Activity: Taking the entries below, transcribe only the lines starting with the one with "Winona Wood Dining Chair In Black" and going on through the one with "Sweet Summer Vibes Bookmark", exactly as written, without the pictures.

━━━━━ Data excerpts

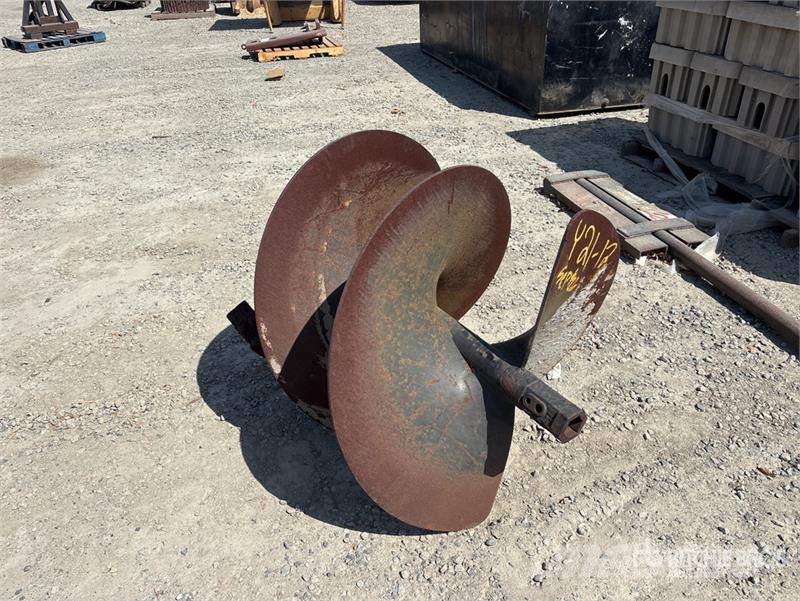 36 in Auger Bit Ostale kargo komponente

━━━━━━━━━━
━━━━━ Data excerpts

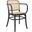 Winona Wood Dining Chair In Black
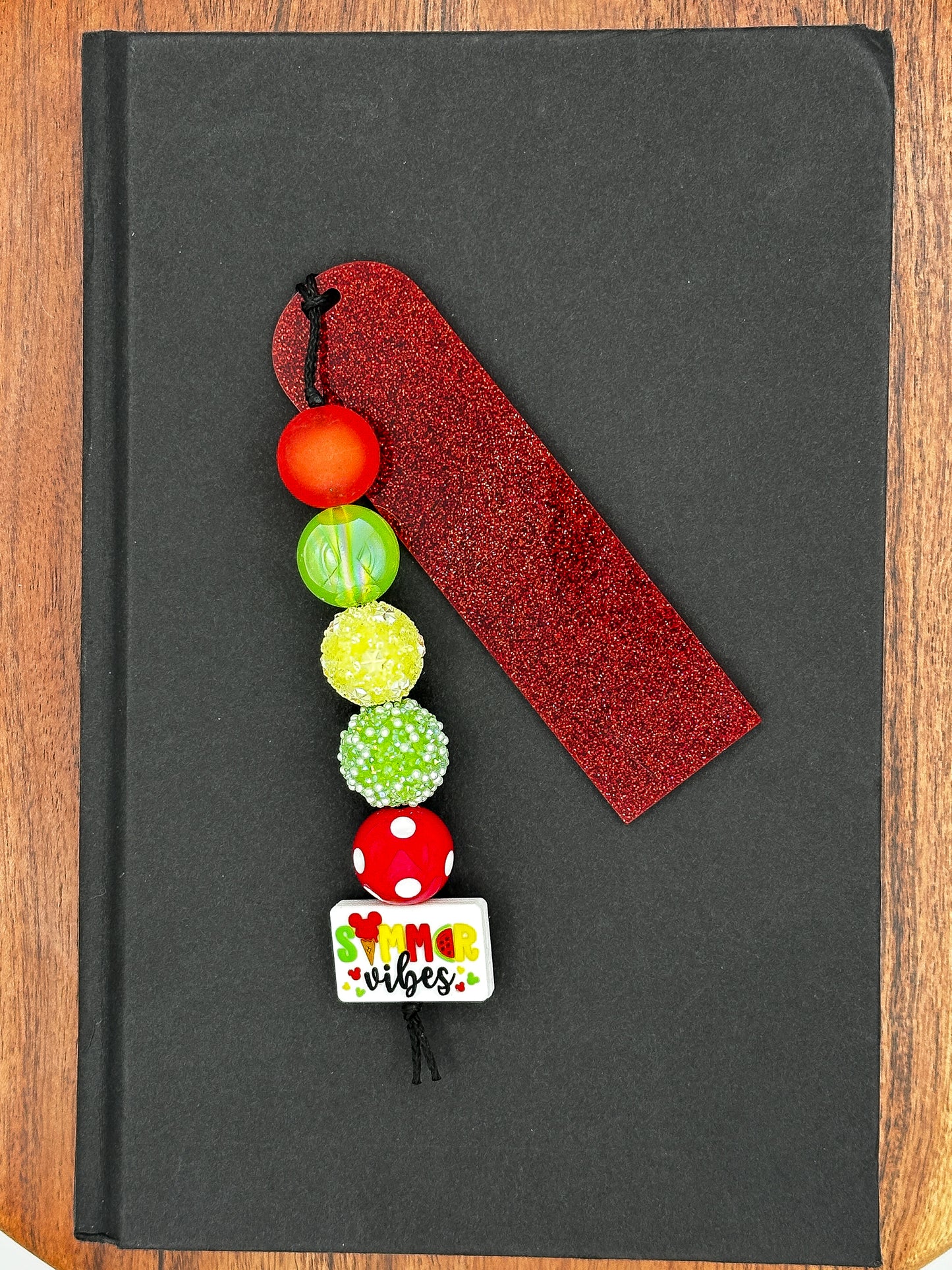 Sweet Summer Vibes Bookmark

━━━━━━━━━━
━━━━━ Data excerpts

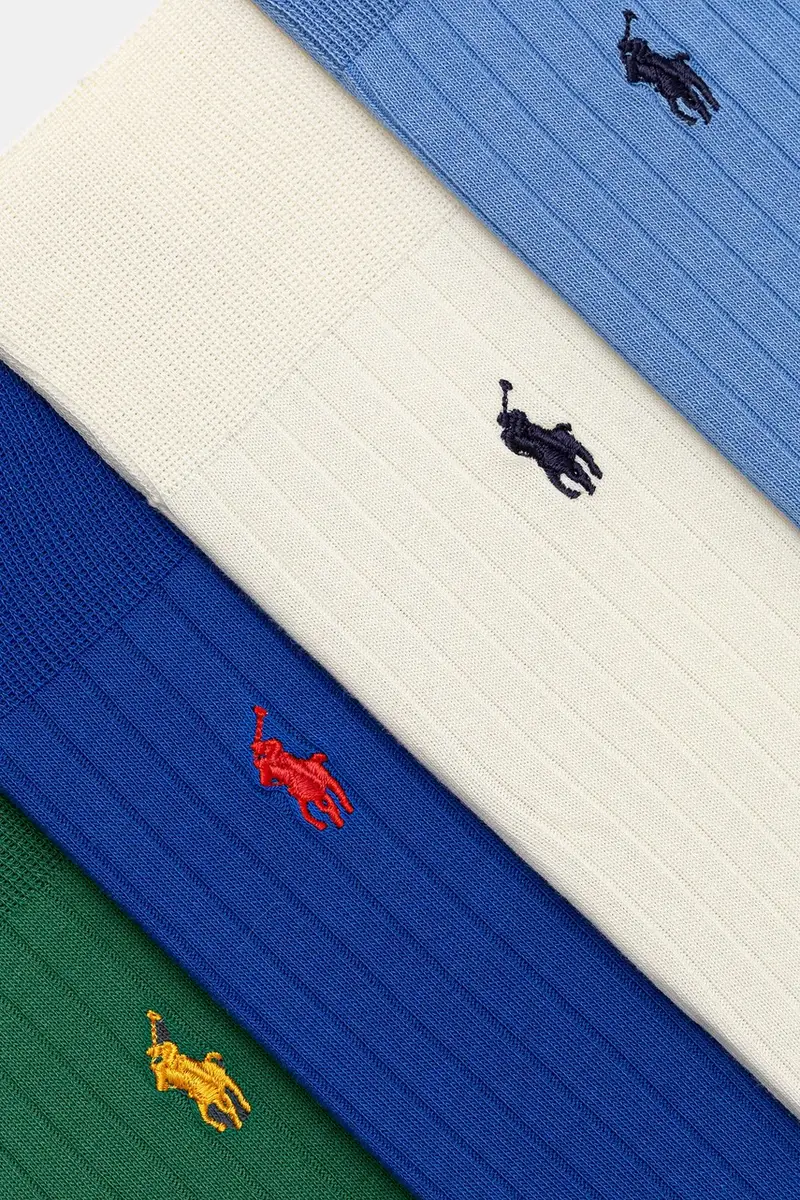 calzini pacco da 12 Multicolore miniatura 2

━━━━━━━━━━

Answer to this exercise:
 Winona Wood Dining Chair In Black
 Sweet Summer Vibes Bookmark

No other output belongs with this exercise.